I don't entirely disagree, but there have been some interesting applications of it to accelerate string processing.
However, that data appears to be just for AVX2 (uploaded March 2021; its filename suggests it was measured on Zen 2 EPYC). When optimizing with AVX-512, they managed to find
another 60% performance improvement!
lemire.me
Something else about it that a lot of people might not know is that it's not restricted to processing 512-bit vectors. The same instructions will also operate on 128-bit and 256-bit operands. Furthermore, there are aspects of it which facilitate vectorization, such a dedicated set of mask registers that perform per-lane predication. It also doubles the number of software-visible vector registers.

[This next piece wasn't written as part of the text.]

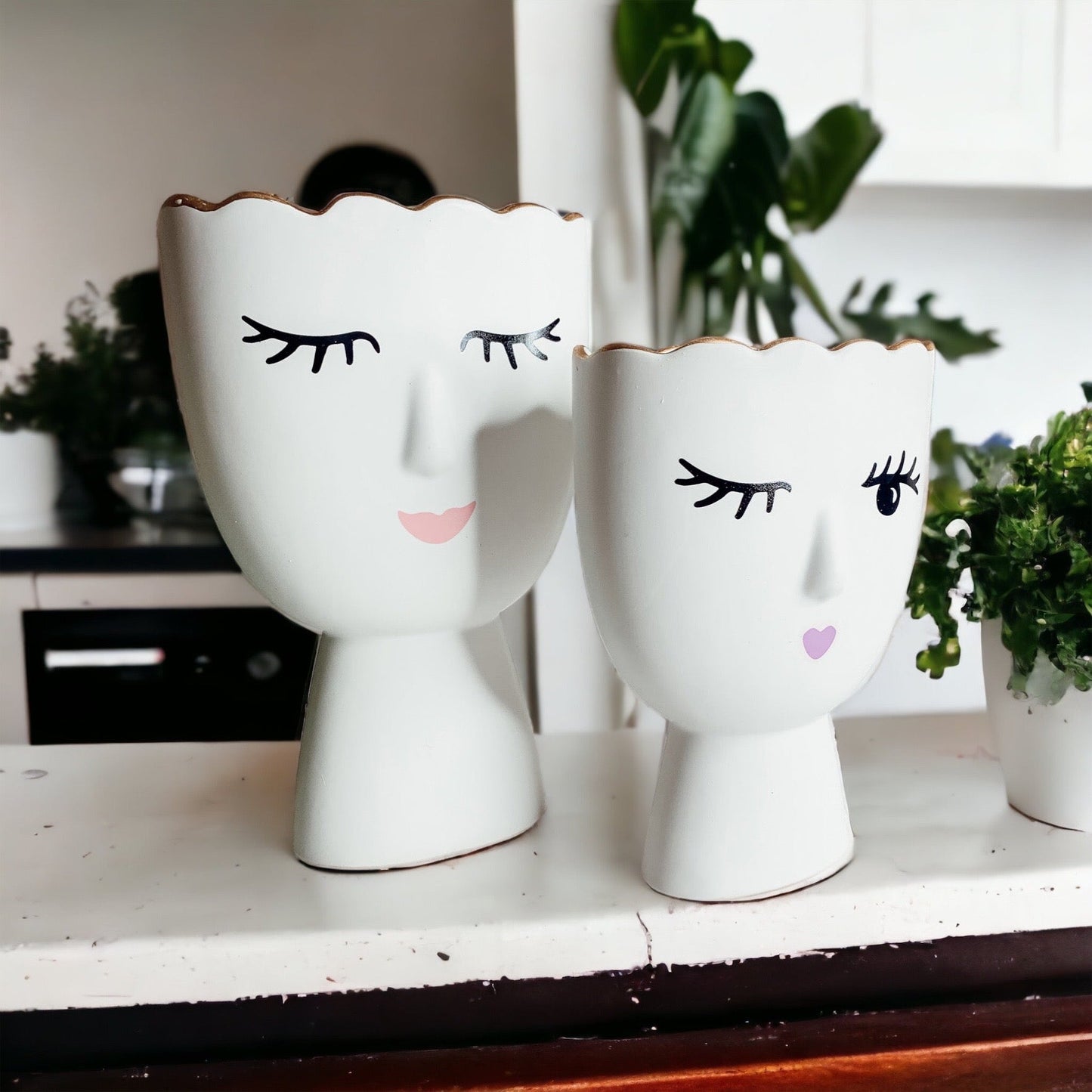 Margaux Vases - Tampa Home & Garden Store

Along with a few other details, these improvements make it a superior alternative to all of the prior vector ISA extensions, such as the SSE family and AVX/AVX2.

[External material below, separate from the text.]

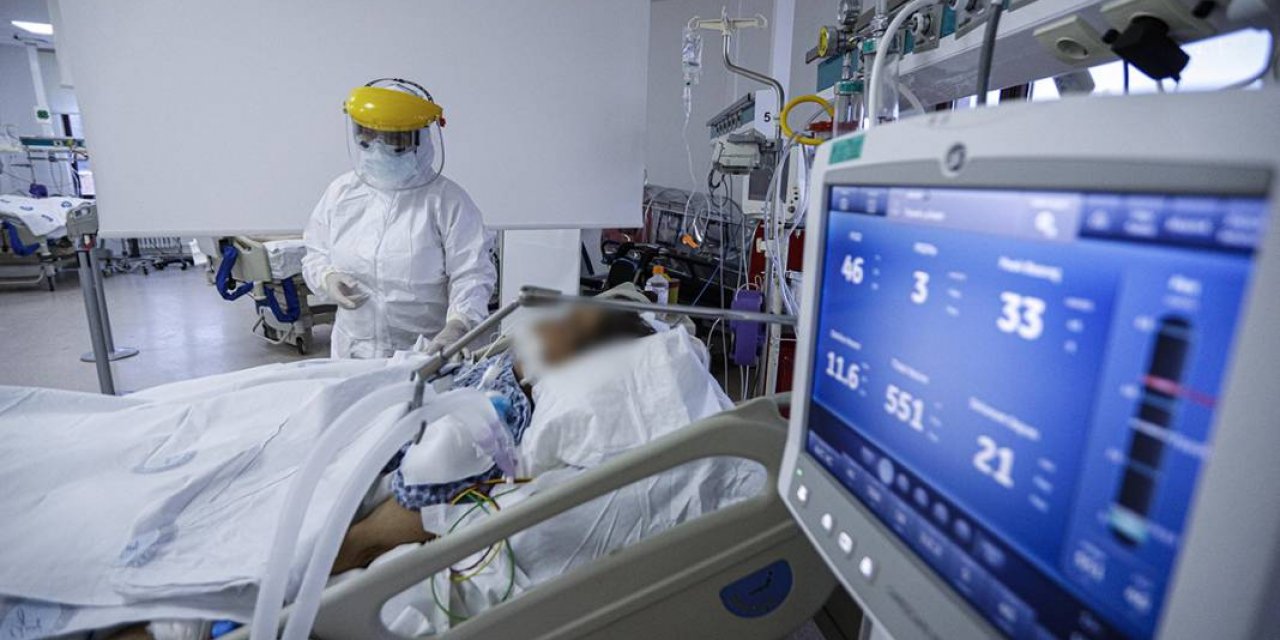İyi Partili Yokuş, yeniden gündeme getirdi: Konya’da oksijen tükenmesi sonucu 8 hasta öldü mü?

When you look at it that way, its benefits really needn't be limited to "professional" and scientific applications. However, that's unlikely to happen, now that Intel withdrew support for it, on their mainstream CPUs. Instead, we'll have to wait for a couple more years, until AVX10 support rolls out and gains enough market share for developers to target. AVX10.1 is basically just window dressing on AVX-512, except it provides the option of having implementations limited to just 128-bit and 256-bit operands, which Intel has said they intend to use in their client CPUs.
For just matrix operations, homogeneous coordinates only need 128-bit (assuming fp32 coefficients). There are ways to use wider vectors than that, but mainly if you switch to a SIMD-oriented programming model.
CPU-based rendering and video compression also benefit from it, but perhaps you lump that in with "professional" applications.